I just realized that $p^2\not\equiv 1 \mod 3$ for $p>3$.

Was this a typo? If p = 5, $p^2 = 25 \equiv 1 \mod 3$. There are many more counterexamples.

So if $p=2k+1$ for $k>1$, then $p^2+8=(2k+1)^2+8=4k^2+4k+9\equiv k^2+k+3 \mod 3$.

 

[fresh_42]

I just realized that $p^2\not\equiv 1 \mod 3$ for $p>3$. So if $p=2k+1$ for $k>1$, then $p^2+8=(2k+1)^2+8=4k^2+4k+9\equiv k^2+k+3 \mod 3$.

Do you read what I write?

We have actually shown $p^2\equiv 1\mod 3$ for prime numbers $p>3.$ Everything else is a variation of this basic statement.

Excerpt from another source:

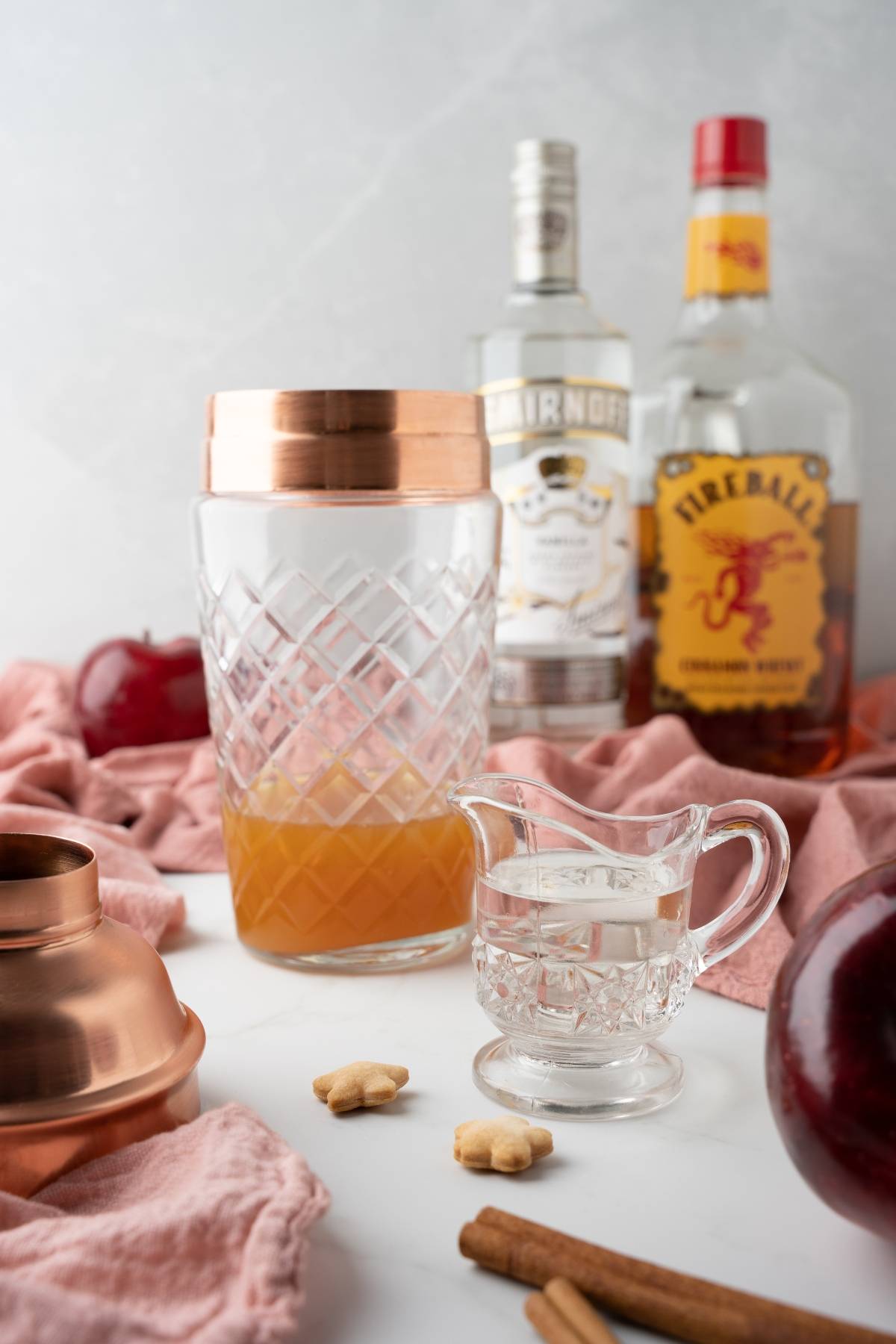 Cocktail shaker, glass of liquid, cinnamon sticks, and bottles of alcohol on a white surface with red cloth—perfect setup for crafting an apple cinnamon cocktail or your favorite autumn cocktail recipe.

And its shortest proof would have been
$$
p^2-1=(p-1)(p+1)
$$
If $p>3$ is prime, then $(p-1\, , \,p\, , \,p+1)$ contains a number divisible by $3$ which is not $p.$

 

[Math100]

Suppose $p$ and $p^2+8$ are both prime numbers.
Since $p^2+8$ is prime and $2^2+8=12$ is not,
it follows that $p$ is odd, so $p\neq 2$.
Assume $p=3$.
Then $p^2+8=17$ is prime and $p^{3}+4=31$ is also prime.
Thus, the statement is true for $p=3$.
Let $p>3$ be an odd prime.
Then $p\equiv 1 \mod 3$ or $p\equiv 2 \mod 3$.
Now we consider two cases.
Case #1: Suppose $p\equiv 1 \mod 3$.
Then $p^2+8\equiv 0 \mod 3$.
Thus $p^2+8$ is not prime.
Case #2: Suppose $p\equiv 2 \mod 3$.
Then $p^2+8\equiv 0 \mod 3$.
Thus $p^2+8$ is not prime.
This means $p^2+8$ can only be prime for $p=3$,
so $p^{3}+4=3^{3}+4=31$ is also prime.
Therefore, if $p$ and $p^2+8$ are both prime numbers,
then $p^{3}+4$ is also prime.

 

[Prof B]

How? You only have that $p$ is odd

p is not 2 because 12 is not prime. Once that is shown the parity of p is irrelevant.

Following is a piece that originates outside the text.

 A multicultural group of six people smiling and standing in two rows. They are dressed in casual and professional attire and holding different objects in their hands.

He knows that p is prime, which is much more important.

What if $p=3$?

He assumed p > 3. For that reason p is not equal to 3.

 

[Prof B]

I

Suppose $p$ and $p^2+8$ are both prime numbers.
Since $p^2+8$ is prime and $2^2+8=12$ is not,
it follows that $p$ is odd, so $p\neq 2$.

The conclusion that "$p$ is odd" is illogical and irrelevant. It follows immediately that p is not 2. From that you can conclude that p is odd, but it is still irrelevant.

Assume $p=3$.
Then $p^2+8=17$ is prime and $p^{3}+4=31$ is also prime.
Thus, the statement is true for $p=3$.
Let $p>3$ be an odd prime.

oddness is still irrelevant

Then $p\equiv 1 \mod 3$ or $p\equiv 2 \mod 3$.
Now we consider two cases.

You don't need cases. Just calculate $1^2 \bmod 3$ and $2^2 \bmod 3$. They have the same value. What is it? Add 8 and mod by 3. What do you get?

By the way, you should use \bmod for the binary operator so you don't get excess space in front of it. Only use \mod for the congruence relation, i.e., with parentheses.